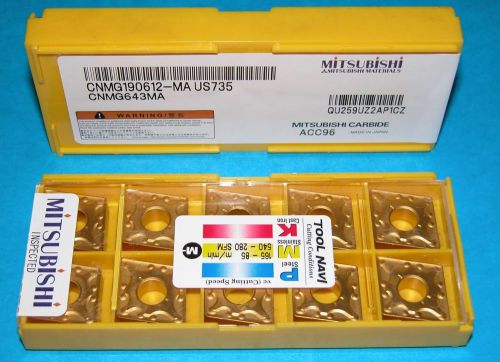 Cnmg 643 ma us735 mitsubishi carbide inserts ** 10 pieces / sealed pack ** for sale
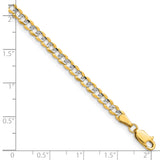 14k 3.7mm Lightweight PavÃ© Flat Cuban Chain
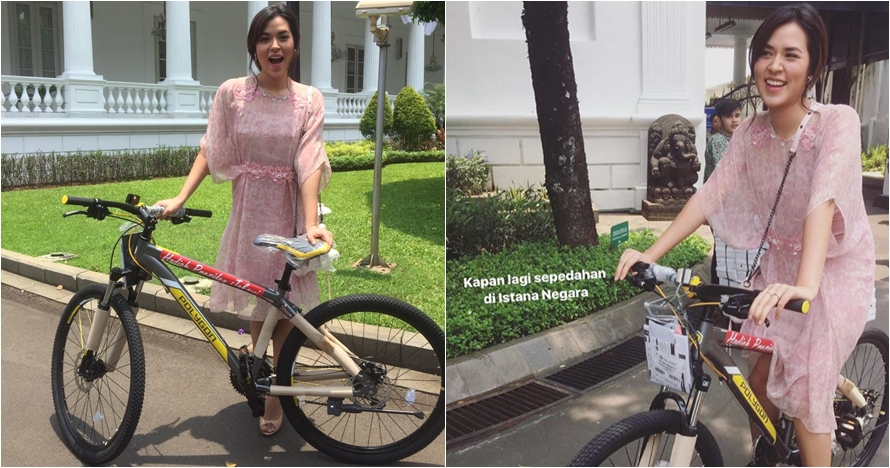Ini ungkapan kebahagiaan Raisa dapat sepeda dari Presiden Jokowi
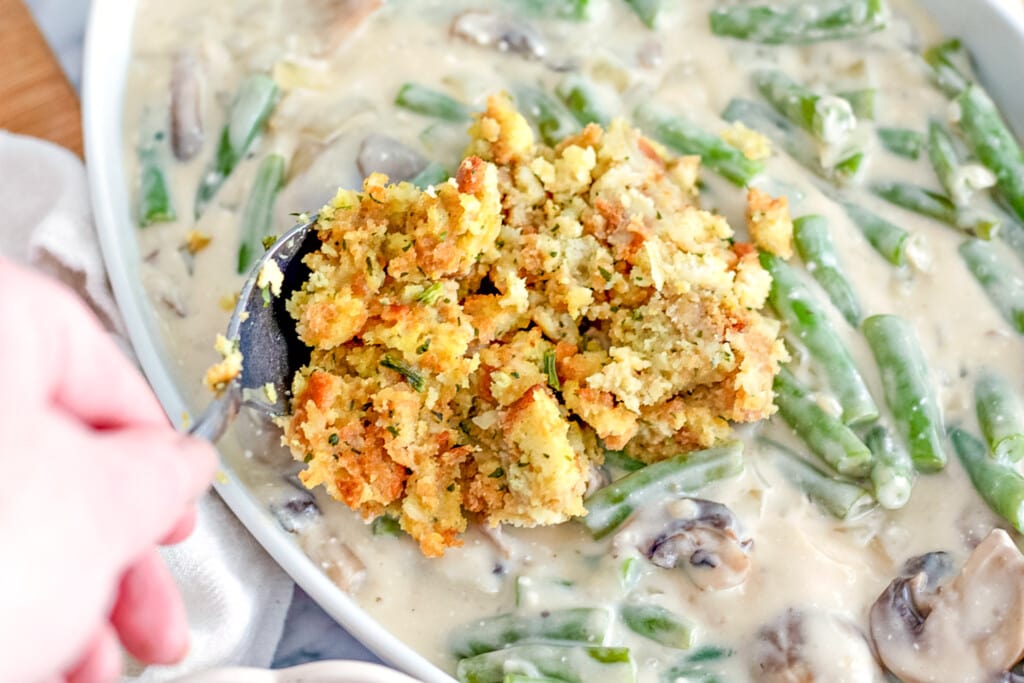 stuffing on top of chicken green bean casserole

****************

### Work required:
The answer must consist solely of the lines from the one with "Ini ungkapan kebahagiaan" through the final line of the data, each reproduced exactly and with pictures omitted.

### Result of the exercise:
Ini ungkapan kebahagiaan Raisa dapat sepeda dari Presiden Jokowi
 stuffing on top of chicken green bean casserole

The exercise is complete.